(Collected data entries)
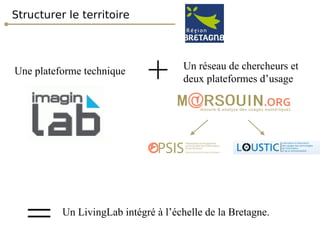 Structurer le territoire Une plateforme technique Un réseau de chercheurs et deux plateformes d’usage + = Un LivingLab intégré à l’échelle de la Bretagne. 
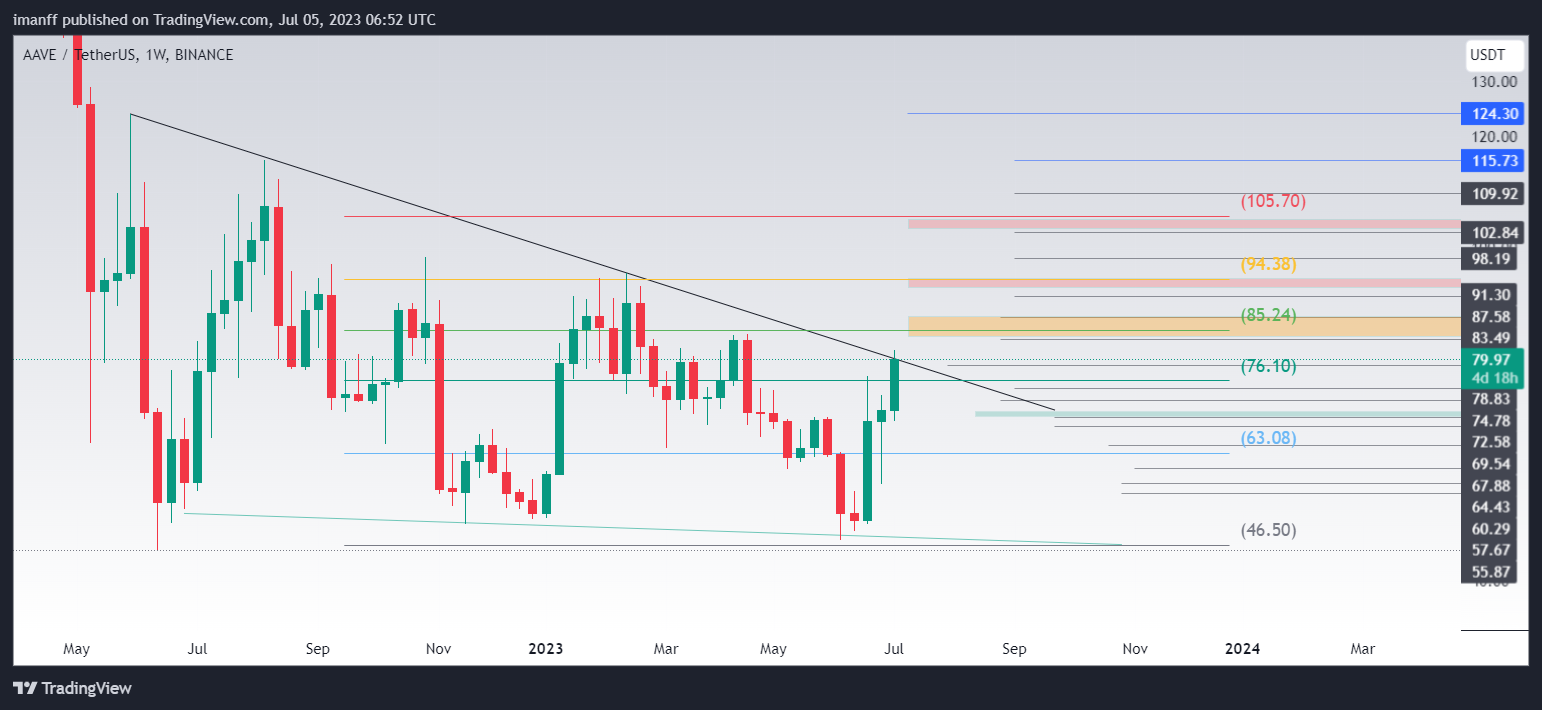 BINANCE:AAVEUSDT Chart Image by imanff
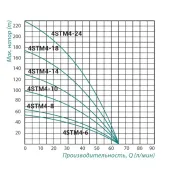 Насос заглибний відцентровий Taifu 4STM4-8 0,55 кВт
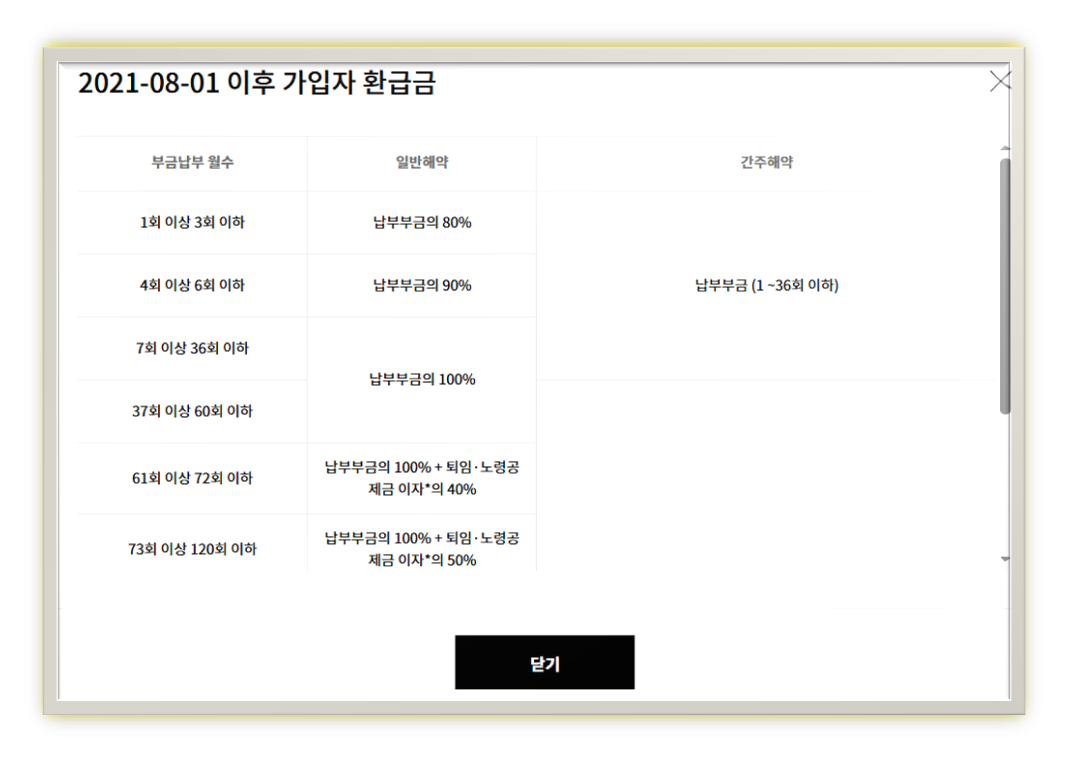 노란우산공제 해지 환급금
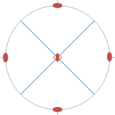 Groupe 42m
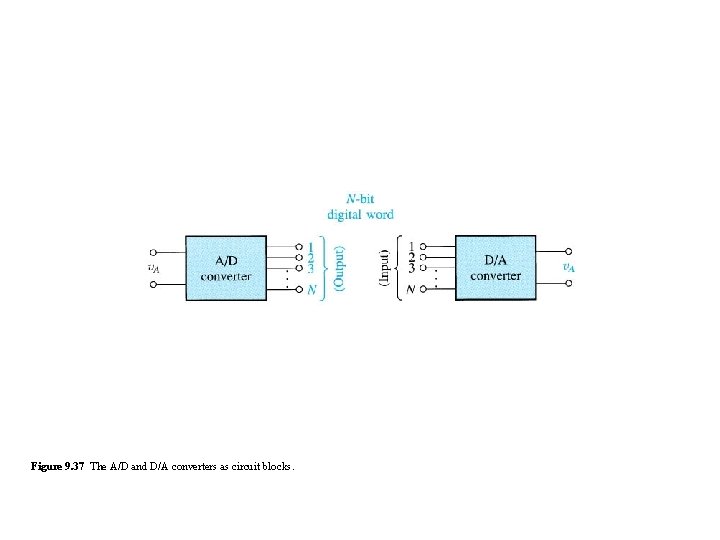 Figure 9. 37 The A/D and D/A converters as circuit blocks. Figure 9. 37 The A/D and D/A converters as circuit blocks.
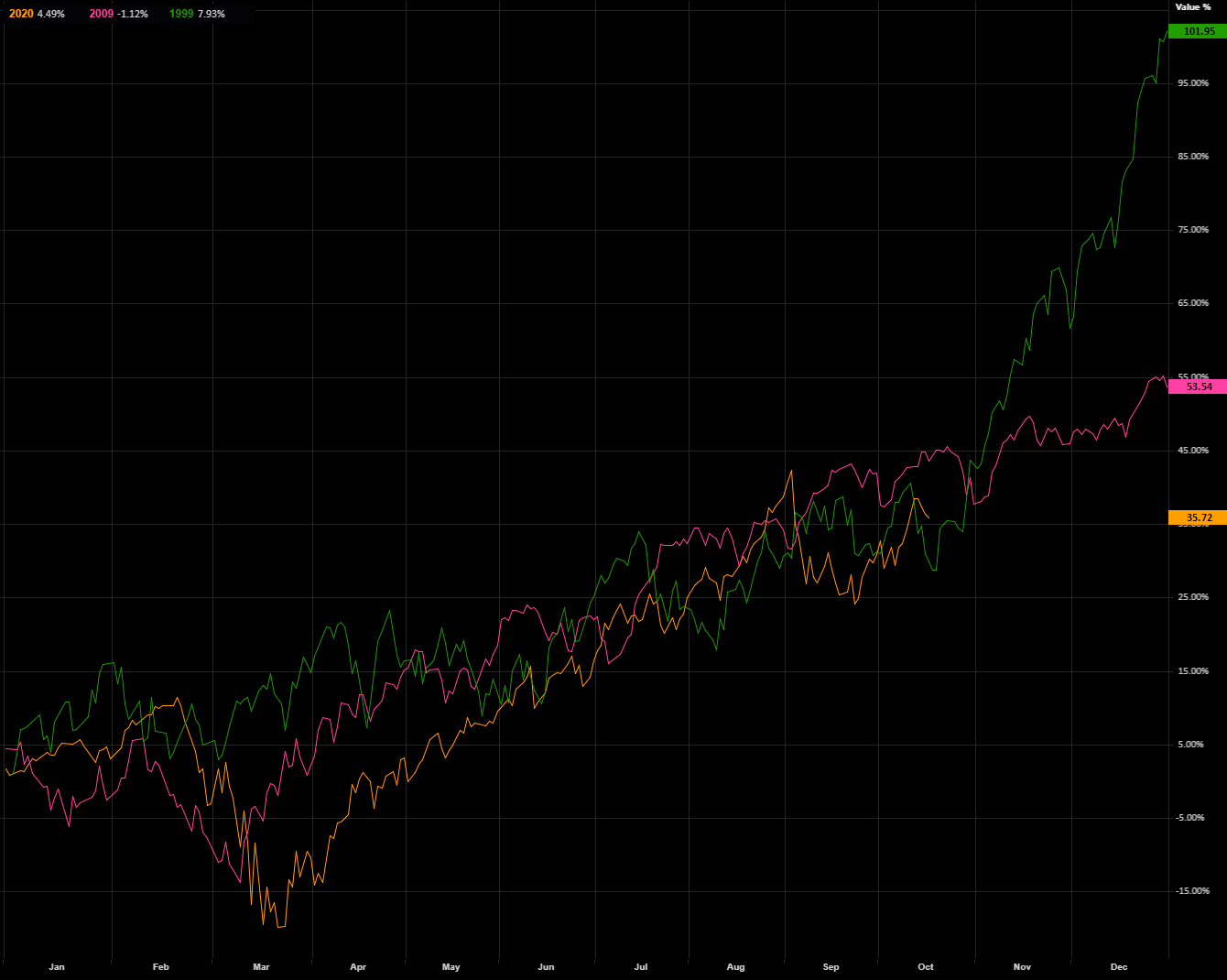 NASDAQ - 2009 or 1999 analogy?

> TASK STATEMENT:
Every record should come back exactly as it is, though none of the pictures should.

> RESPONSE TO THIS EXERCISE:
 Structurer le territoire Une plateforme technique Un réseau de chercheurs et deux plateformes d’usage + = Un LivingLab intégré à l’échelle de la Bretagne. 
 BINANCE:AAVEUSDT Chart Image by imanff
 Насос заглибний відцентровий Taifu 4STM4-8 0,55 кВт
 노란우산공제 해지 환급금
 Groupe 42m
 Figure 9. 37 The A/D and D/A converters as circuit blocks. Figure 9. 37 The A/D and D/A converters as circuit blocks.
 NASDAQ - 2009 or 1999 analogy?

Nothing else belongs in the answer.